Taking the listing below, restate word for word each line from the line with "На одесском кладбище" to the line with "Револьвер обои", ends included, and stop there.

++++ INPUT RECORDS

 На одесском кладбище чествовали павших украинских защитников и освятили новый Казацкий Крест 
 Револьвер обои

++++++++
++++ INPUT RECORDS

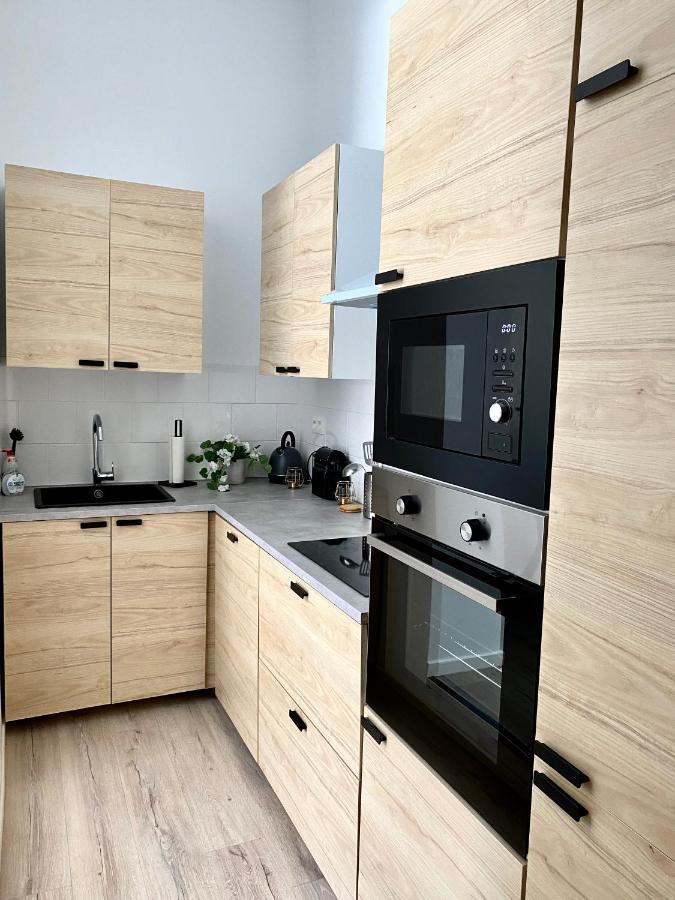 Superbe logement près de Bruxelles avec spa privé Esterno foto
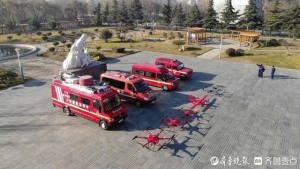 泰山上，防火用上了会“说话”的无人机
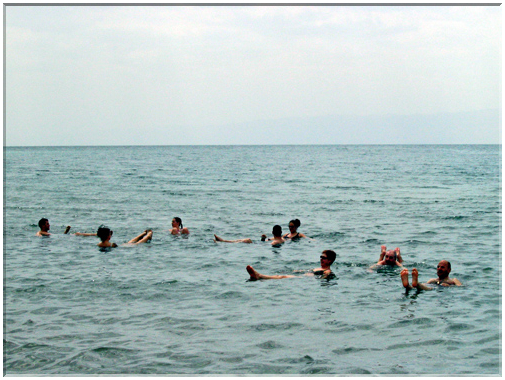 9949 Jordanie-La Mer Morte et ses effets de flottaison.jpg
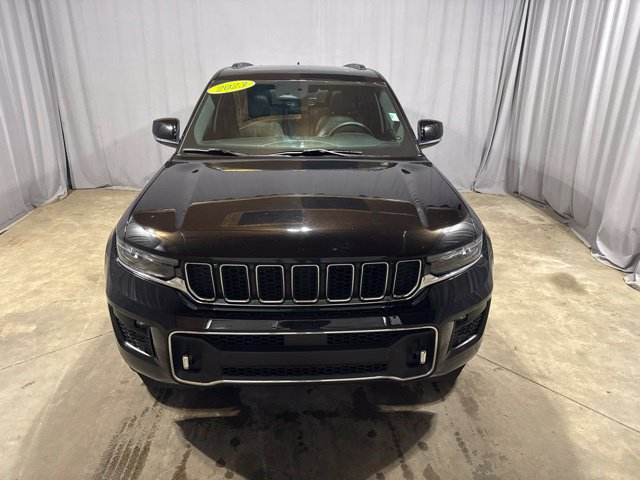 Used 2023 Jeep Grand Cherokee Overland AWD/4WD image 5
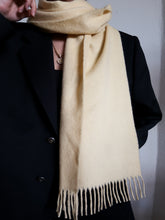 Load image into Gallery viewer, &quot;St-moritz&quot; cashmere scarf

++++++++

**SOLUTION FOR THIS EXERCISE**
 На одесском кладбище чествовали павших украинских защитников и освятили новый Казацкий Крест 
 Револьвер обои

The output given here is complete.